Last year, when the Echo Heights and Stop Six coalition opposed a proposed light industrial facility in front of W.M. Green Elementary School on Parker Henderson Road, Schermbeck and Downwinders at Risk decided they should help. The coalition was able to stop the rezoning for the project, and that served as a catalyst to bring more attention to the problems of the neighborhood, according to Schermbeck.
Coalition Forms for Citywide Advocacy
In June, city officials met with community members at W.M. Green Elementary School to address concerns raised by the coalition. In the meeting, the group said, it learned the city had applied for a grant through the Environmental Justice Government-to-Government Program without consulting Echo Heights residents or telling them after the application had been submitted.
The grant program was designed to build a strategic plan to address community concerns on environmental issues in the 76119 ZIP code that includes Echo Heights. Schermbeck said this mobilized him and the coalition to take their efforts and concerns citywide.
“We don’t want to lose more of our neighborhood, even as we’re trying to figure out how to save it,” Schermbeck said. “So what they’re looking for is some assurance that the council hears that request, which seems quite reasonable.”

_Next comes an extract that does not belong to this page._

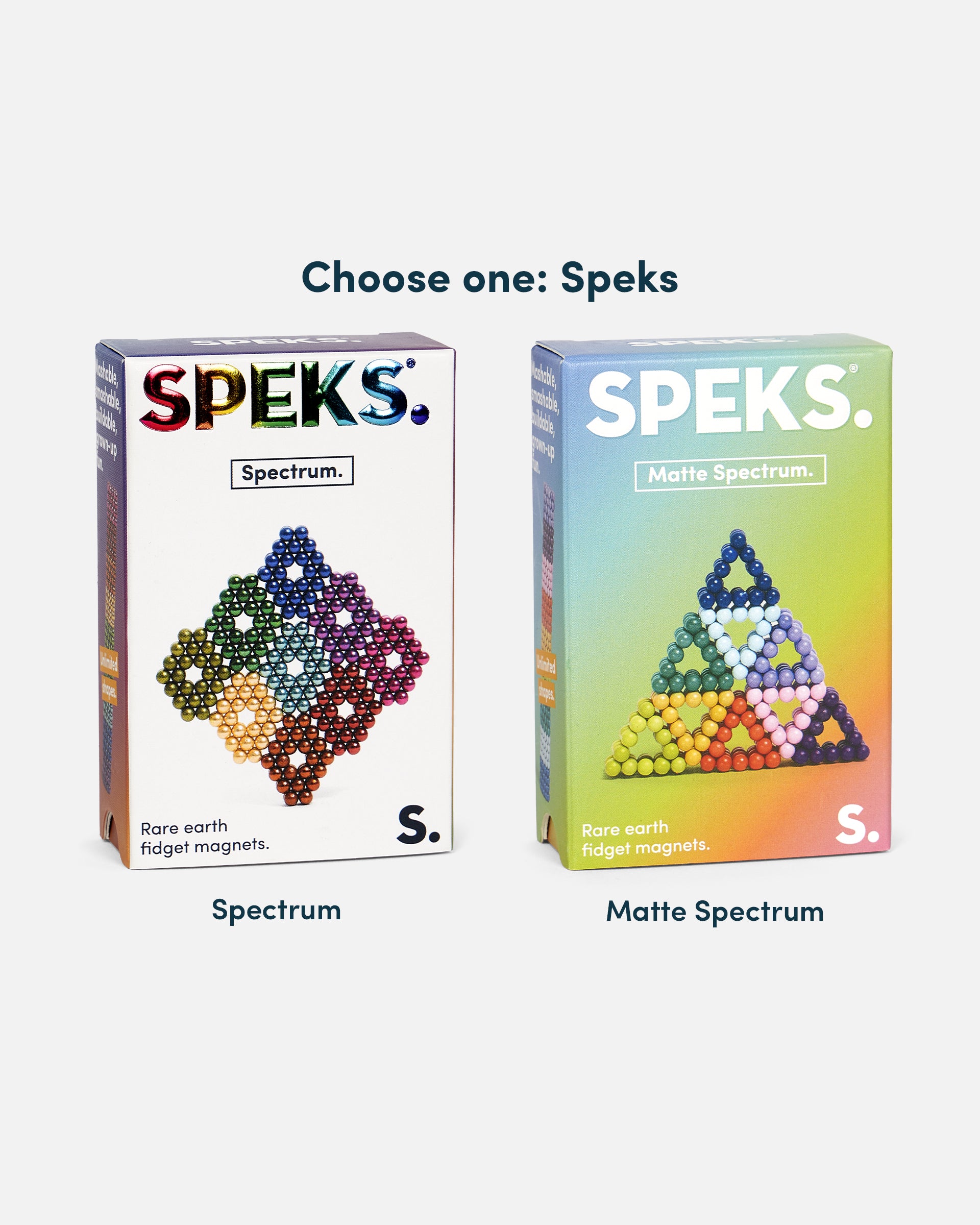The Speks Starter Kit - Image 5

In August, the Echo Heights & Stop Six Environmental Coalition, Northside Fort Worth Air, the Fort Worth Sierra Club, Sunrise Tarrant County, and Downwinders at Risk formed the Fort Worth Environmental Coalition of Communities to fight environmental racism in Fort Worth neighborhoods. According to Schermbeck, Echo Heights will be the flagship of the organization due to the advocacy residents there have done for their community.
Part of the group’s mission statement says: “Polluting industries must be held accountable for their environmental injustices, as well as the officials who facilitate them. This means that environmental racism and its continued impacts must be thoroughly documented and addressed. By centering residents’ voices, we can build trust and unity in our communities and citywide.”
Planning for The Future
Next year, the city will start work on its 2050 Comprehensive Plan, which will help shape the future of growth and development in Fort Worth. The Fort Worth Environmental Coalition of Communities will provide feedback during that process to ensure the city removes other industrial designations in residential areas in the future.

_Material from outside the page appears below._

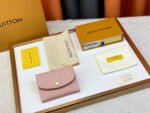 Louis Vuitton Wallet Rosalie Coin Purse - Bag - Image 3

The City Council has postponed updating the Southeast Sector of the current Comprehensive Plan three times, after residents sought to stop further industrial or commercial development in the area.
On Nov. 14, the city council is scheduled to take up the last remaining piece of the 2023 update to the Comprehensive Plan, which is the Southeast Sector Future Land Use Map. Wording has been added to prevent further commercial or industrial development of the Loop 820 East/US 287 Industrial Growth Center.

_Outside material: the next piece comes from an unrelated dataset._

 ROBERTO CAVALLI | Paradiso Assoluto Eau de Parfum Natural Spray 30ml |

Representatives of the city have met with community members several times to address their concerns and plan to meet with Echo Heights residents in advance of the Nov. 14 city council meeting.
John MacFarlane, who serves on the executive committee of the Greater Fort Worth Sierra Club, joined the Echo Heights & Stop Six Environmental Coalition over a year ago. He and Schermbeck say Fort Worth lags behind other cities, such as Dallas, in a comprehensive plan to address environmental racism.
MacFarlane is hopeful the city council will approve the new version of the Southeast Sector Future Land Use Map in the Comprehensive Plan, which includes the wishes of the coalition. Representatives of the new citywide coalition will go to public meetings and work to keep members of the community informed about what is happening, MacFarlane says.
“This industrial center just didn’t spring up overnight, right?,” MacFarlane said. “ Like one company here, one company there and then once you look up 20 years later, you’re surrounded.”